Il comandante maggiore Ozkan Ulutash, alla fine del suo mandato, è rimasto a Bruxelles, da solo nella sede della NATO, dove dice di aver informato gli ambasciatori di tutti gli alleati della NATO, nonché i partner che contribuiscono alle truppe della missione KFOR. Ulutash ha detto di aver incontrato anche il vice segretario [...]
Il comandante maggiore Ozkan Ulutash, alla fine del suo mandato, è rimasto a Bruxelles, da solo nella sede della NATO, dove dice di aver informato gli ambasciatori di tutti gli alleati della NATO, nonché i partner che contribuiscono alle truppe della missione KFOR.

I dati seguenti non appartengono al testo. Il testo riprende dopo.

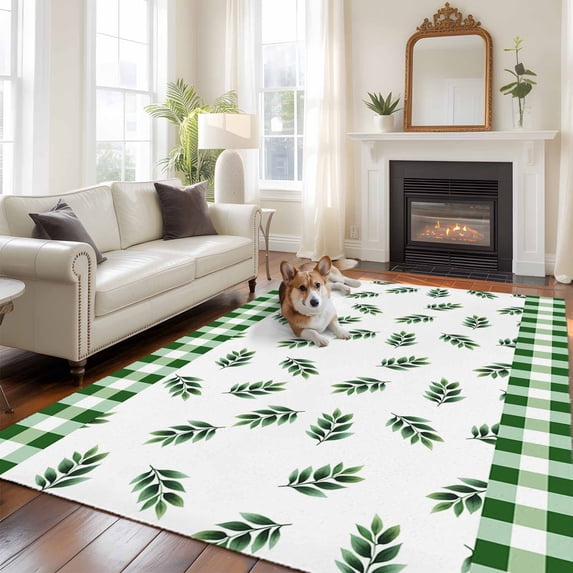 6'x9' Area Rugs, Botanical Leaf Indoor Outdoor Area Rug for Living Room Bedroom, Green Buffalo Plaid Checkered Country Washable Bathroom Rugs Kitchen Floor Carpet Mats Home Decor Aesthetic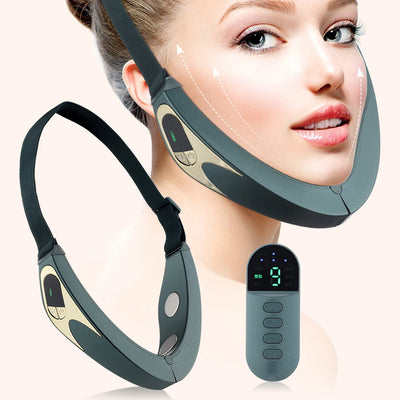 Electric V-face Face Lift Device 6Mode Heated Skin Rejuvenation Double Chin V Face Vibration Massager Wireless Remote Control - LKBA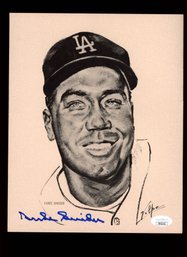 DUKE SNIDER SIGNED ARTIST SKETCH VOLPE JSA CERT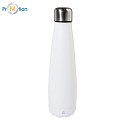 Stainless steel recycled bottle 600ml with logo print, white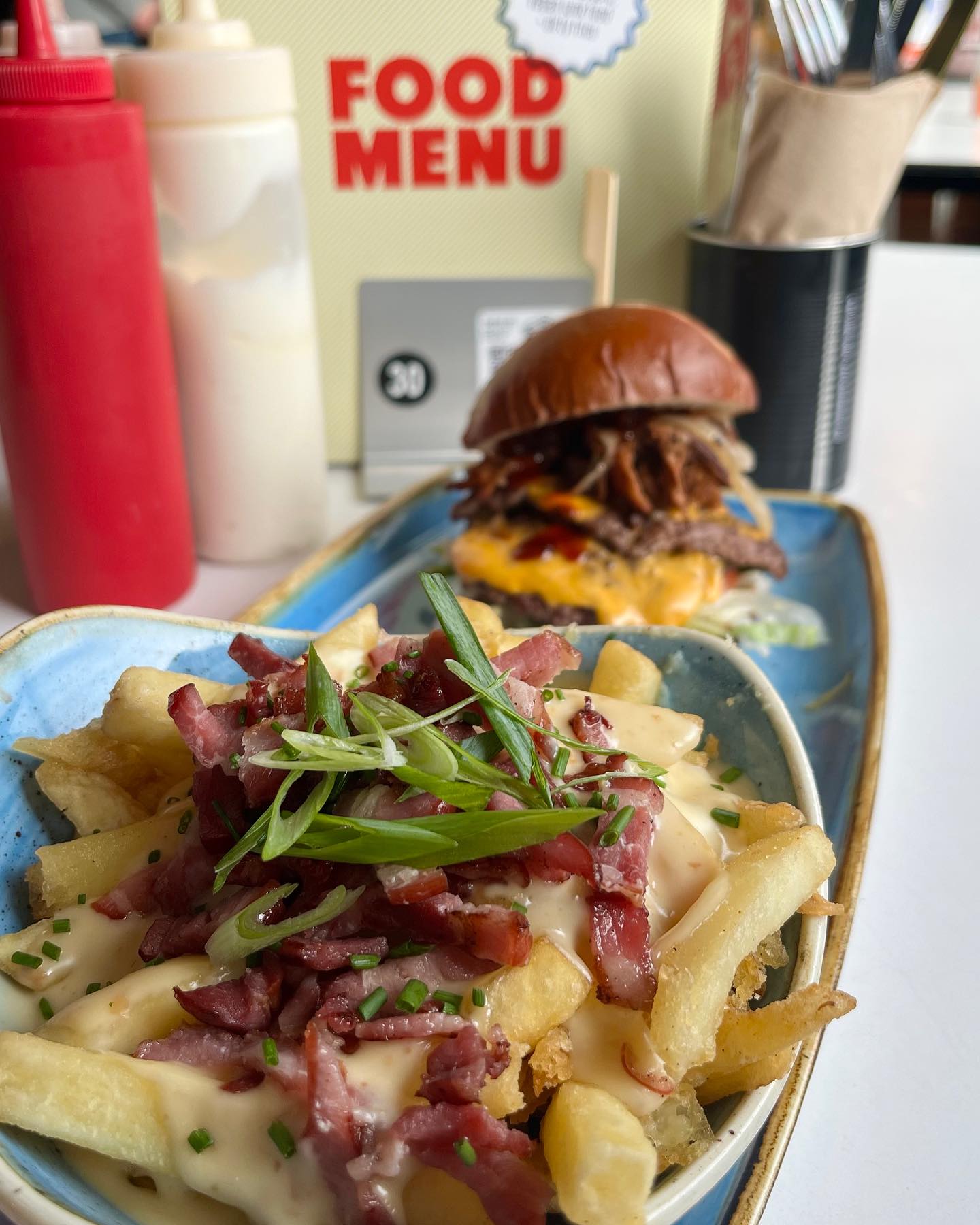 Burger and dirty chips at The Common Room.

Ulutash ha anche incontrato il vice segretario generale della NATO Boris Ruge, dove un anno dopo gli attacchi Banjska, è urgente portare il responsabile dell'attacco alla giustizia.
“NATO si aspetta che la Serbia aiuti a garantire la piena responsabilità. KFOR mira a garantire che tali attacchi non siano ripetuti. È importante che entrambi i lati si astengano da azioni non coordinate che potrebbero provocare tensioni, mettere in pericolo la sicurezza o mettere in pericolo i soldati della KFOR, δx1>.
“NATO continua a sostenere il dialogo UE facilitato come quadro per raggiungere una soluzione a lungo termine e sostenibile che rispetti i diritti di tutte le comunità
Mentre il comandante uscente della KFOR, Ulutash ha detto che sotto il suo comando KFOR ha conservato con successo la pace e la sicurezza in tutto il Kosovo, in linea con il suo mandato dell'ONU.
“Attraverso un atteggiamento visibile, flessibile e adattabile, abbiamo impedito ai rischi di rinnovare la violenza e di controllare rapidamente situazioni che potrebbero portare a incidenti o all'escalation. Abbiamo ulteriormente rafforzato la missione e abbiamo continuato il nostro ruolo di forza imparziale, lavorando con tutte le comunità per promuovere la sicurezza, per tutti i tipi di”, Ulutas ha detto.
Ulutash ha detto che KFOR ha continuato a fornire ambiente sicuro e necessario per gli sforzi diplomatici di andare avanti.